[HN Gopher] The microcode and hardware in the 8086 processor tha...
___________________________________________________________________
The microcode and hardware in the 8086 processor that perform
string operations
Author : picture
Score : 111 points
Date : 2023-04-04 16:58 UTC (6 hours ago)
(HTM) web link (www.righto.com)
(TXT) w3m dump (www.righto.com)
| ataylor284_ wrote:
| These 8086 instructions were pretty cool coming from a 6502
| background. The usual way to copy a block of memory in 6502 was
| something like this: ldy #len loop:
| lda source-1,y ; memory accesses: loads opcode, address, value
| sta dest-1,y ; memory accesses: loads opcode, address, stores
| value dey ; memory accesses: loads opcode
| bne loop ; memory accesses: loads opcode, offset
|
| So 4 instructions and a minimum of 9 memory accesses per byte
| copied, more if not in the zero page. Even unrolling the loop
| gets you down to 6.
|
| Compare this to the 8086: mov cx, len
| mov si, source mov di, dest rep movsb
| ; memory accesses: read the opcodes, then 1 load and 1 store per
| byte
|
| Even forgetting about word moves, you're down to 2 memory
| accesses per byte. No instruction opcode or branching overhead.
| mikepurvis wrote:
| It still boggles my mind that processors in the 1970s already had
| microcode-- obviously it was vastly simpler and not doing the
| crazy branch prediction, speculative execution, and operation
| reordering that modern processors do, but it's still amazing to
| me that this architecture was there at all.
| kens wrote:
| Historically, microcode was invented around 1951 and was
| heavily used in most of the IBM System/360 computers (1964).

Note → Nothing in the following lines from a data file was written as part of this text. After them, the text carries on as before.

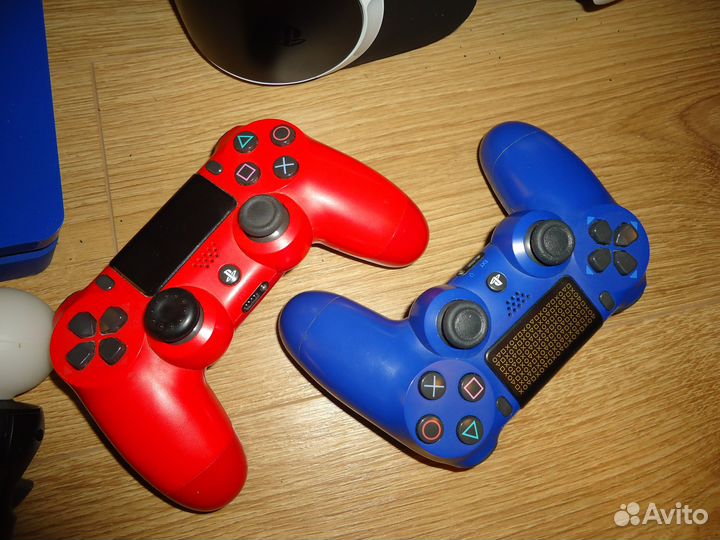 Комплект Sony PS4 Slim + VR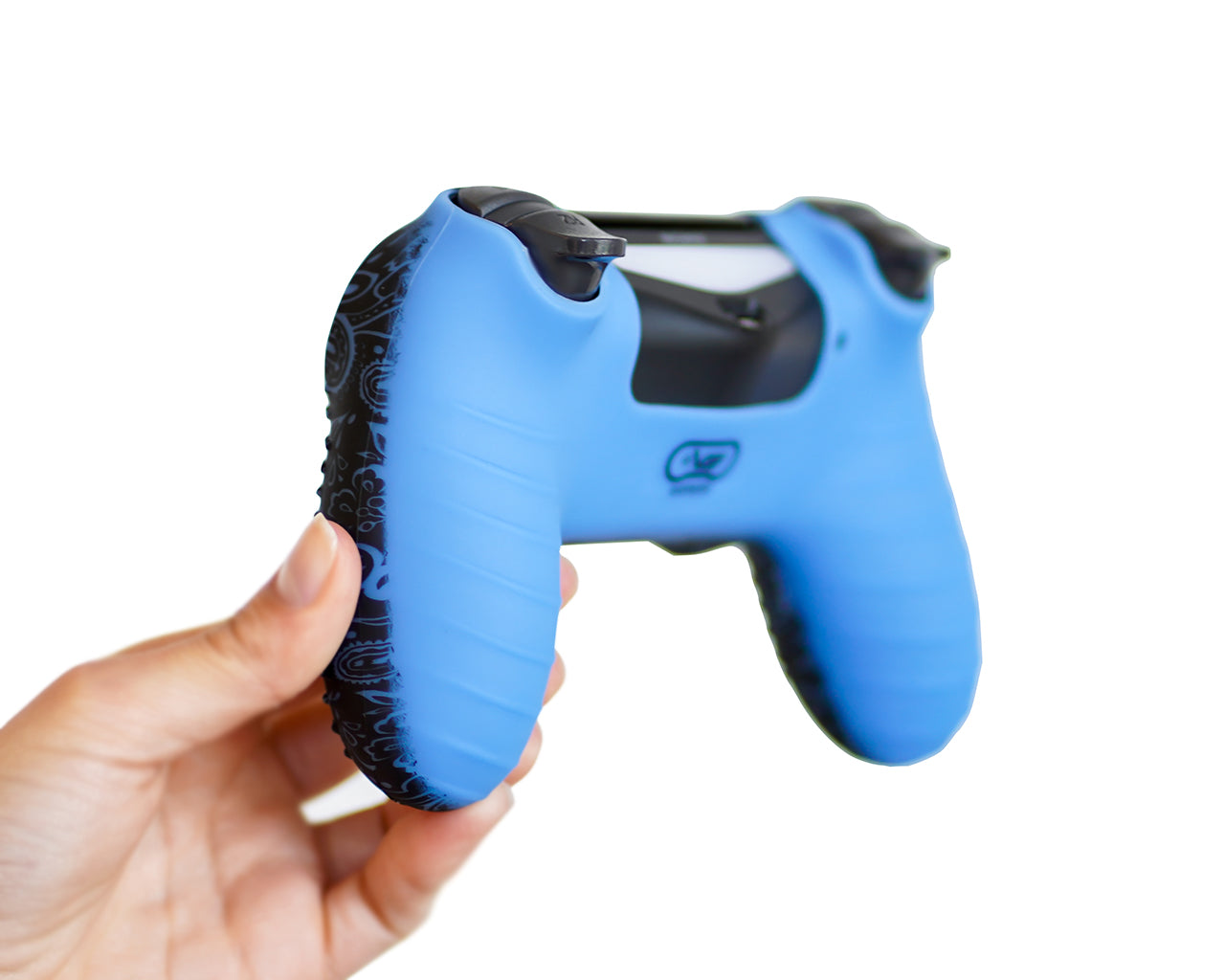 Blue Motif - PS4 Controller Skin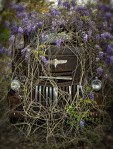 Old Chevy Among the Wisteria Vines – Dan Routh Photography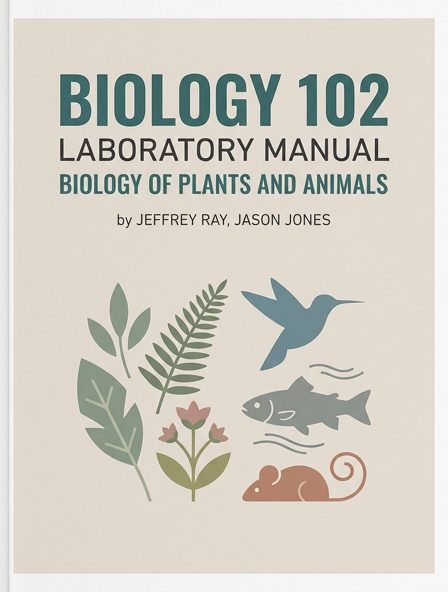 Biology 102 Laboratory Manual: Biology of Plants and Animals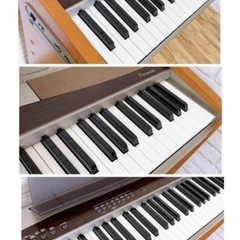 カシオ◆ 88鍵盤 電子ピアノ【イス付き】Privia プリヴィアPX-100の画像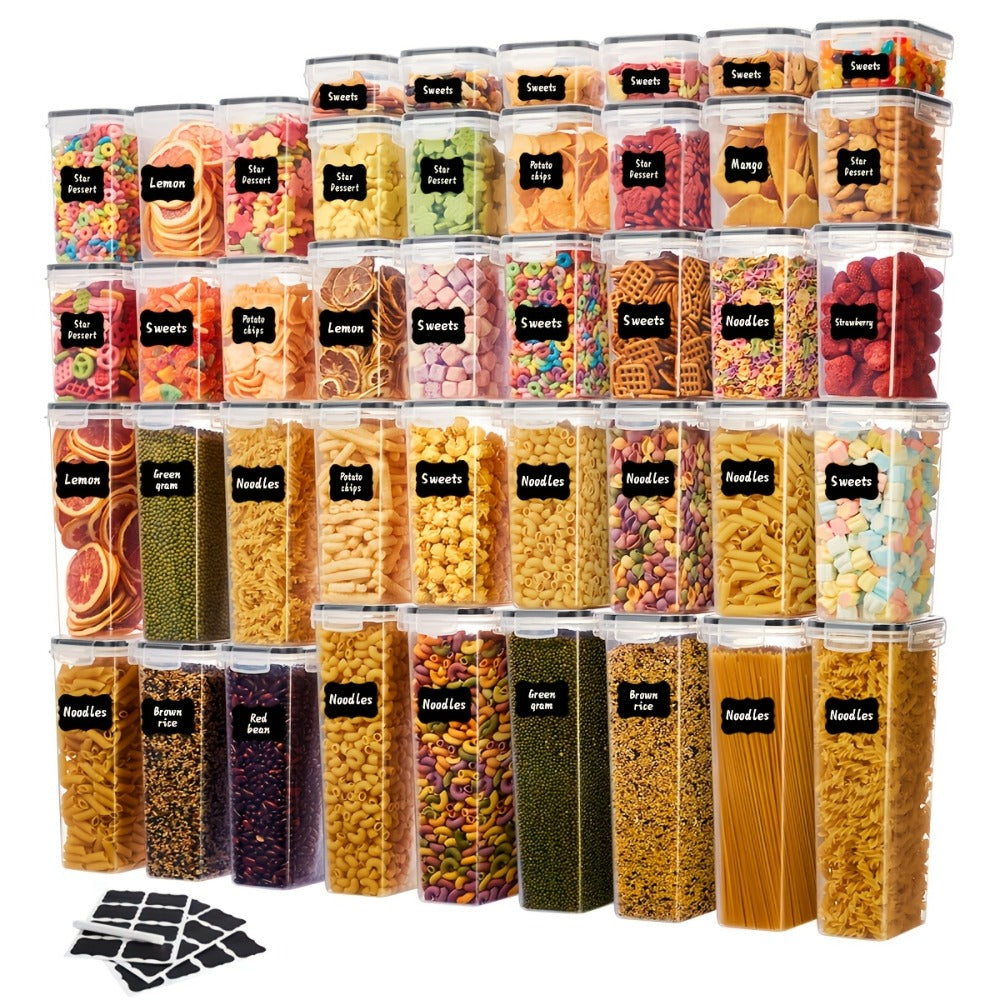 6-Piece Plastic Food Storage Container Set for Australian homes
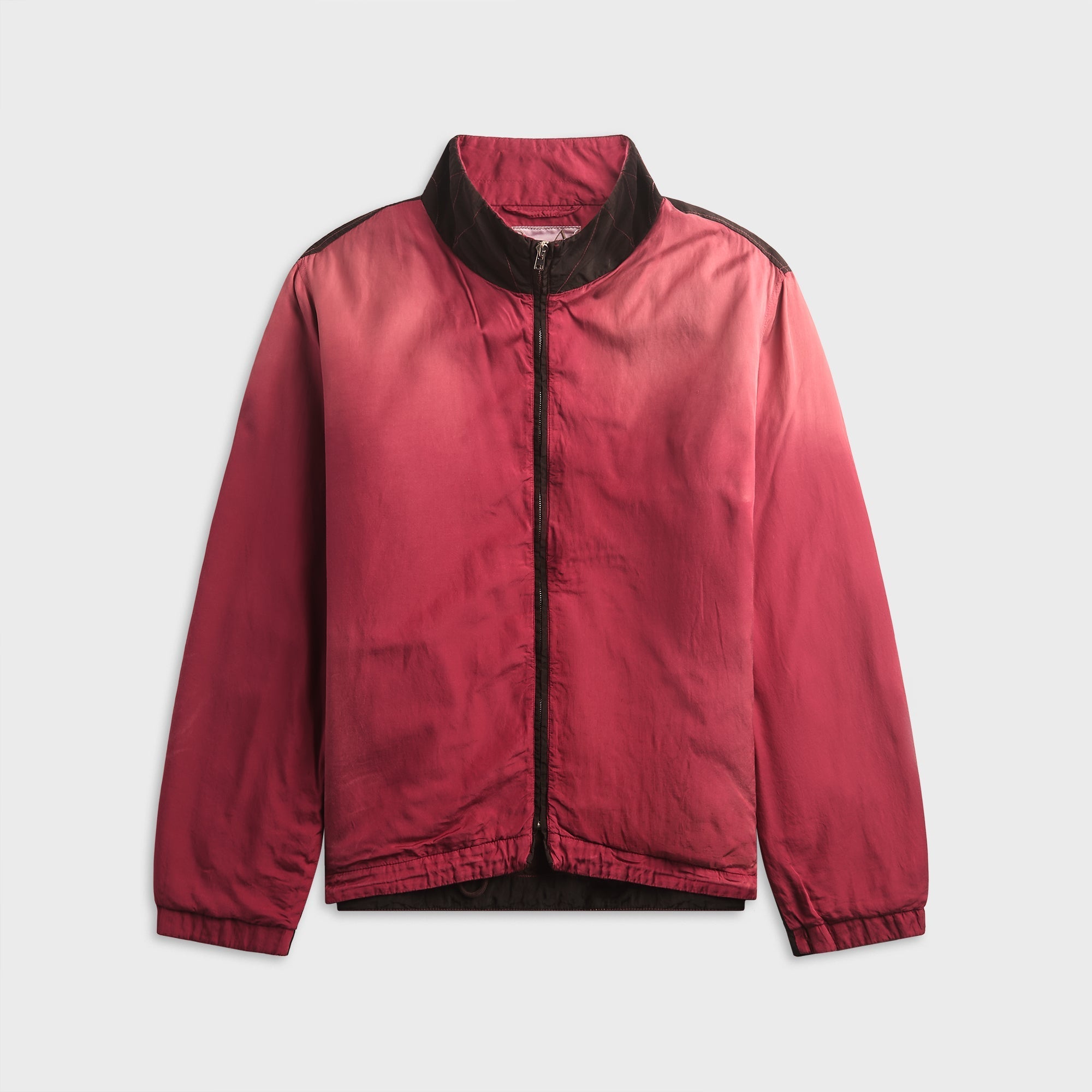 Ranra Epitome Shiny Nylon Overshirt - Peat – Kith UK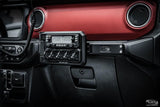 Awaken Series control panel kit for Jeep Wrangler JL with tablet support
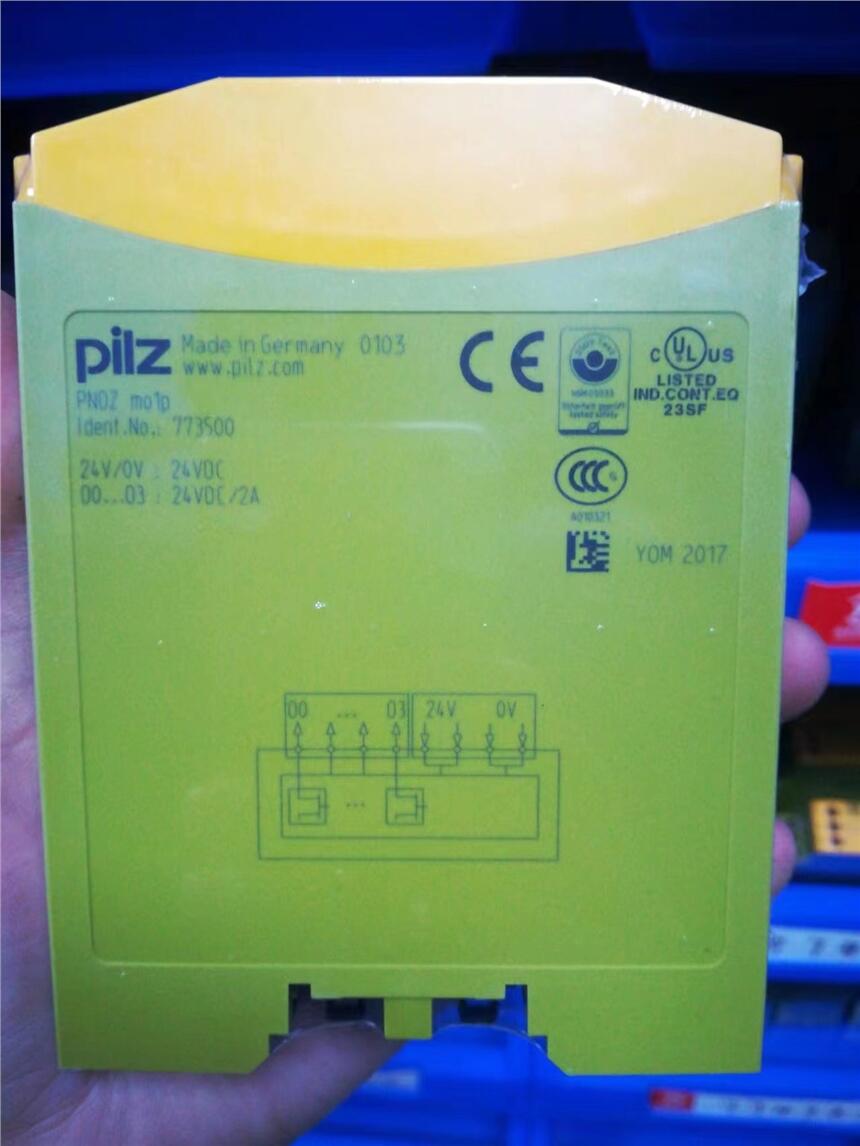 繼電器774009皮爾磁PNOZ 10 24VDC 6n/o 4n/c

| Once your instruction set is even moderately complicated, using
| microcode is a lot easier than hard-wired control circuitry.
|
| You can view microcode as one of the many technologies that
| started in mainframes, moved into minicomputers, and then moved
| into microprocessors. In a sense, the idea behind RISC was the
| recognition that this natural progression was not necessarily
| the best way to build microprocessors.
| msla wrote:
| There's something more fundamental going on here:
|
| The concept of the ISA as a standard implemented by hardware,
| as opposed to the ISA being a document of what a specific
| hardware design does, goes back to the IBM System/360 family of
| computers from 1964. That was the first range of computers,
| from large to (let's be honest) somewhat less large, that could
| all run most of the same software, modulo some specialized
| instructions and peripheral hardware like disk drives not
| present on the cheapest systems, at different levels of
| performance. As others have said, microcode is plenty old, but
| the idea of architectural families is one of the things which
| really gets us to where we are now.
| pwg wrote:
| Microcode (the concept) is very much older than the 1970's. Per
| Wikipedia ([1]) the earliest system with something like
| 'microcode' dates back to 1947.
|
| What is 'special' for the 8086 is that this was a low cost
| microprocessor using microcode, as opposed to a multi-million
| dollar mainframe CPU.
|
| [1] https://en.wikipedia.org/wiki/Microcode#History
|
| edit: fix typo
| plesner wrote:
| Babbage's analytical engine used a form of microcode ~100
| years earlier. Complex operations such as multiplication and
| division were implemented by lower-level instructions encoded
| as a series of pegs on a rotating barrel. Each micro-
| instruction ("vertical" in Babbage's terminology) could take
| several seconds to execute so a complete multiplication or
| division would take minutes.
| kens wrote:
| You mean the 8086, not the 8-bit 8080, right? The 8080 wasn't
| microcoded.
| pwg wrote:
| Indeed, that was a typo. Fixed now. Thanks.
| morcheeba wrote:
| I love that the TMS34082 math coprocessor had user-definable
| microcode! This was intended to work with 3D graphics, so you
| could really get the most out of the ALU by chaining operations
| for your specific need (e.g. divide-and-sqrt single
| instruction)
|
| See chapter 8:
| http://www.bitsavers.org/components/ti/TMS340xx/TMS34082_Des...
| [deleted]
| jecel wrote:
| The 286 added "in string" and "out string" instructions. It
| turned out that if peripherals had a small internal buffer it was
| more efficient to use these new instructions instead of using DMA
| hardware. This is why hard disk controllers for the original PC
| and XT used DMA but from the AT on they normally didn't.
| rep_lodsb wrote:
| It was the 186 which added those. Wasn't widely used in PCs
| because it included some built-in peripherals that weren't
| compatible with the "standard" ones used by IBM in their
| original PC.
|
| And that standard PC's DMA controller was originally intended
| for use with the 8-bit 8080 (eighty-eighty, not eighty-eight)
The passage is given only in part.